The urinary system of cats is made up of kidneys, ureters, bladder and urethra. While the kidneys and ureters constitute the upper urinary tract, the bladder and urethra are part of the lower urinary tract. The main function of this system is to produce, store and eliminate urine, which is composed of various compounds toxic to the feline organism. This is what ensures the state of balance of the bodyand other systems of the cat.

On the other hand, the reproductive system is composed of female and male sex organs that have the function of assisting in the reproduction of the species.

How many bones does a cat have?

A cat's skeleton has, on average, 244 bones and is divided into two parts: the axial skeleton and the appendicular skeleton. However, this number can vary from animal to animal, as the number of bones depends on a number of factors. The age of the cat is one of them, since the growth and development of a feline causes the fusion of some bone elements, so that a younger kitten usuallyhave more bones than an adult cat.

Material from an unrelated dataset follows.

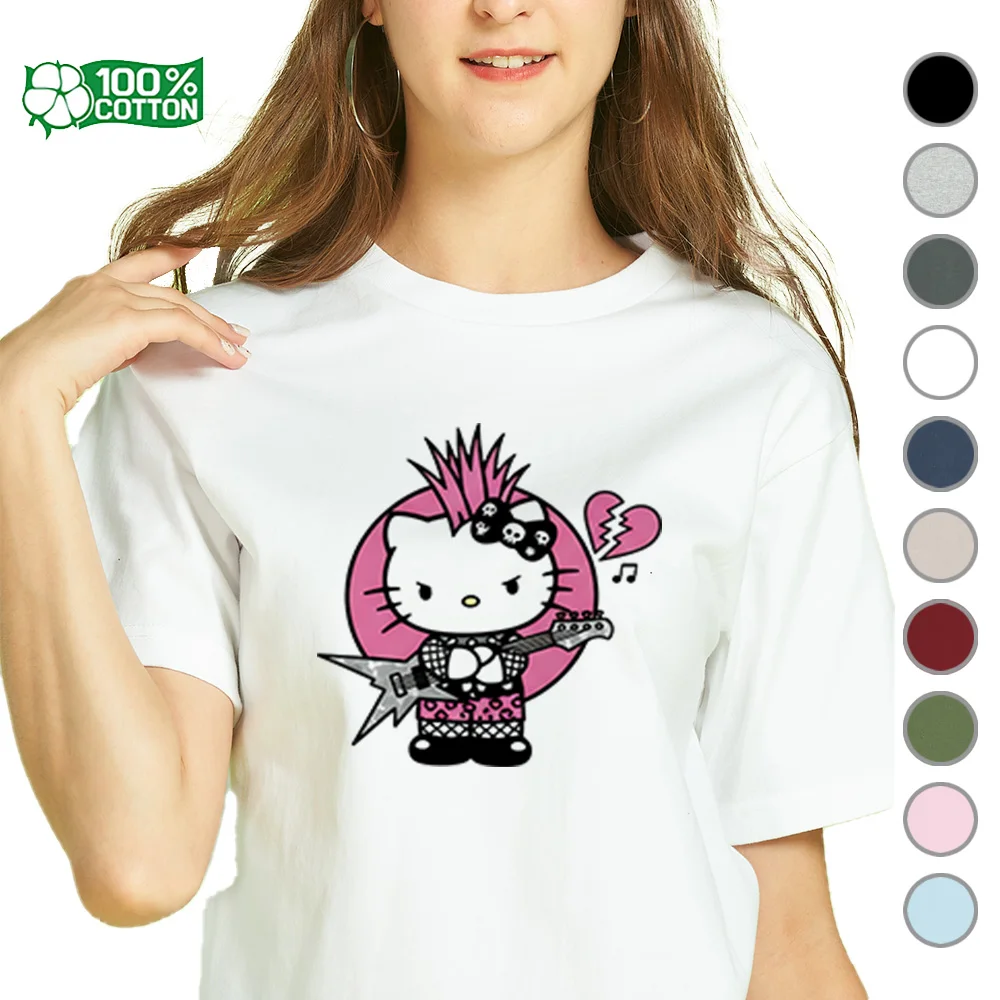 Футболка с рисунком Rebellious Hello Kitty Sanrio Rock n Roll Attitude, мягкая хлопковая футболка унисекс с круглым вырезом, комплект для пар
Футболка с рисунком Rebellious Hello Kitty Sanrio Rock n Roll Attitude, мягкая хлопковая футболка унисекс с круглым вырезом, комплект для пар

Other factors that can influence the answer to how many bones a cat has are gender and the size of the tail, as this region can contain from 18 to 24 vertebrae.

In general, the axial cat skeleton contains:

  • Skull
  • Mandible
  • Sternum
  • 13 ribs and vertebral column (7 cervical, 13 thoracic, 7 lumbar, 3 sacral and 18 to 24 caudal vertebrae)

The appendicular skeleton comprises the bones of the upper and lower limbs, and contains in each thoracic limb the scapula, the humerus, the radius, the ulna, 8 carpal bones, 5 metacarpal bones and 3 phalanges in each finger. To complete the picture, cats also have the pelvic bone, which is responsible for supporting the pelvic limbs, where femur, patella, tibia, fibula, 7tarsal bones, 4 metatarsals and the phalanges.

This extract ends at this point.